Fassbinder stuffed World on a Wire (1973) with mirrors: a dystopia in which computer-generated individuals live unknowingly in a forged reality, from which the protagonist manages to escape with the help of his beloved in an unexpectedly optimistic ending by the director’s standards. At the beginning of the movie, an overexcited engineer holds a portable mirror and urges a bureaucrat, “What do you see? You are nothing more than the image others have made of you. That’s all.” Hey you, yes you behind that screen—or me for that matter—does that ring a bell?

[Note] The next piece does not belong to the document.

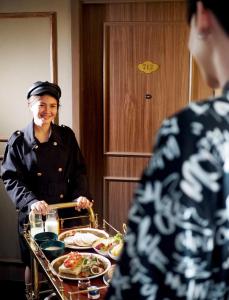 a woman standing in front of a table with food at Montraj Coach Sukhumvit Bangkok in Bangkok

Delia Gonzalez, or her idea of art making, always stems from a desire to design transformations and to shape—however obliquely—her idiosyncrasies. This exhibition is no exception. The minimum aim is an attempt to show that Alice can cross the mirror in either direction if she wants to; to hypothesize the end of this continuous chattering; to argue that this ego—always pampered by endless solicitations, always called upon to take sides, to present itself in an ever-worn party dress—is a Sisyphean condemnation. Get in already! The seals await on the walls, the place resonates. The things you’ll encounter in the rooms are both effigies of the dark night we are trudging through together and passageways to enter a dream we have all had. Not a grandiose dream, just a shared one.
Francesco Tenaglia
Bio
Delia Gonzalez is a Cuban-American artist, musician, and producer working across film, sculpture, drawing, painting, choreography, dance and performance. Gonzalez draws inspiration from a broad range of sources including Afrocuban religion, ancient mythology, Italian architecture, cinema and different mystical traditions. Her works have been exhibited at MIT List Visual Arts Center, USA; Whitney Museum of American Art, NYC; Migros Museum, CH; P.S. 1 Contemporary Art center, NYC; Galleria Fonti, IT & Daniel Reich, NYC. Delia Gonzalez works can be seen in the permanent collections of The Museum of Modern Art (MoMA), USA; MIT List Visual Art Center, USA; Warhol Foundation, USA; Migros Museum, CH; Ernesto Esposito Collection, IT; The Dakis Joannou Collection, GR; The Onassis Foundation, GR; and The Fiorucci Collection, IT.